A human race where every member is abnormal need not wait for any catastrophe to befall it, for such a pitiful species would be nothing but catastrophe itself in active motion. There would be total chaos in a cataclysmic collision with destruction. There would be no orientation or direction. Up and down would disappear. Front and back would have no meaning. There would be no center or an edge to refer to.
So while we recognize the banality of normality, we musn't call for wholesale madness, lest we have our heads severed by unprecedented lunacy. What we need are flowers of normality under an abnormal canopy. A mostly normal humanity, but with a few abnormal lanterns bearing its light. A largely sane society with a lunatic minority. This is the optimal formula.
It is these mad ones who venture into the eye of the storm and come back with a benevolent hurricane. They climb the shoulders of the sky and pluck the stars for us to eat. They become mice that navigate the walls of the cave to sniff the gold in its dust, or fish that travel the linear waters and bring back the mermaid's rings, or boars that soar high above the imaginations to explore the labyrinths of reason.
If they succeed, they come back as Gods whom madness had endowned with new gifts.
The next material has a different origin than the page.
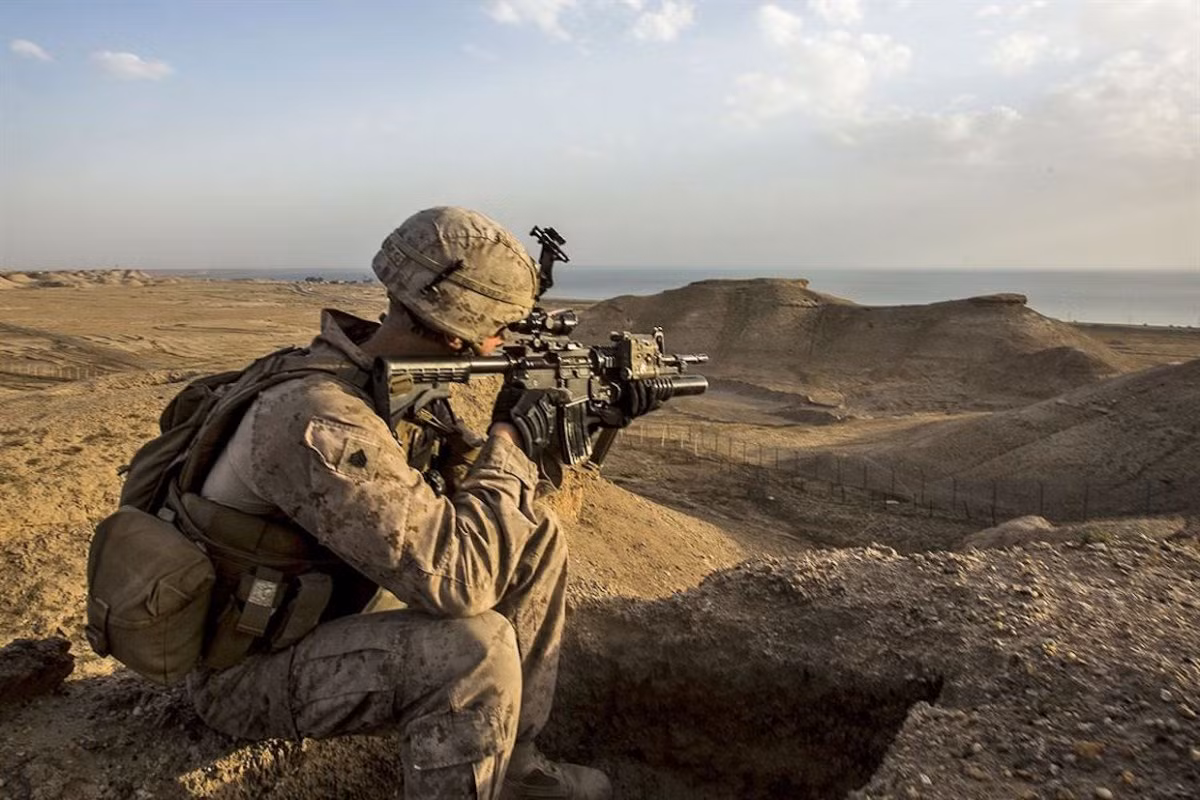 Binh lính Mỹ tại Iraq làm nhiệm vụ canh giữ trong tư thế khá thoải mái, ảnh chụp hồi tháng 3/2016. Nguồn ảnh: Businessinsider.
Thoughts that dance with crazy intensity. Eyes that sparkle like the excitement of the blinking stars. Ears that capture the music of the spheres from the Orchestras in the gardens of the Empyrean. And we produce a wondrous civilization that owes its fortune to the contract of balance struck between the majority possessed by normality and the insane kings of the abnormal realm. Then we have a paradoxical hierachial arrangement where lunacy becomes the torchlight of sanity, showing it the way and giving it direction.
Yet there's the suspicion that everyone in society is already mad, with just a little touch of normality and very minute particle of sanity. Isn't the world mad, and getting madder and madder? In that case, how can madness be a solution? Wouldn't it only compound the problem and make the planet into more of a lunatic asylum? Why should even more madness be the cure to increasing madness? Why should extraordinary lunacy be the solution to gyrating insanity? What is the difference between the madness on ground and the one coming to fight it? Wouldn't that result in madness raised to the power of infinity?
No, it will not. And this is not any old madness. It is madness from the divine realm, from Olympus above. The madness of the intoxicated witches and the drunk Gods. True madness. Real madness. Original madness. Insanity refined. Not the madness that built the nuclear bomb, but the one that landed man on the moon. We need a mad man whose head has been smashed by the hammer of the Gods.
Why use the mad to help the mad? Because only the mad has a firsthand understanding of madness, knows how it feels to be mad, understands the mechanisms of it, and is in better position to deal with it. What's the difference between the mad and the mad souls he seeks to heal? While they were visited by insanity and possessed by lunacy, losing their sanity to the inscrutable wind that accompanied the malady, the mad one ventured into the mad world with his sanity intact. He wasn't engulfed in madness, rather he subjugated and made it his own. He became divine; the mad God of the mad ones.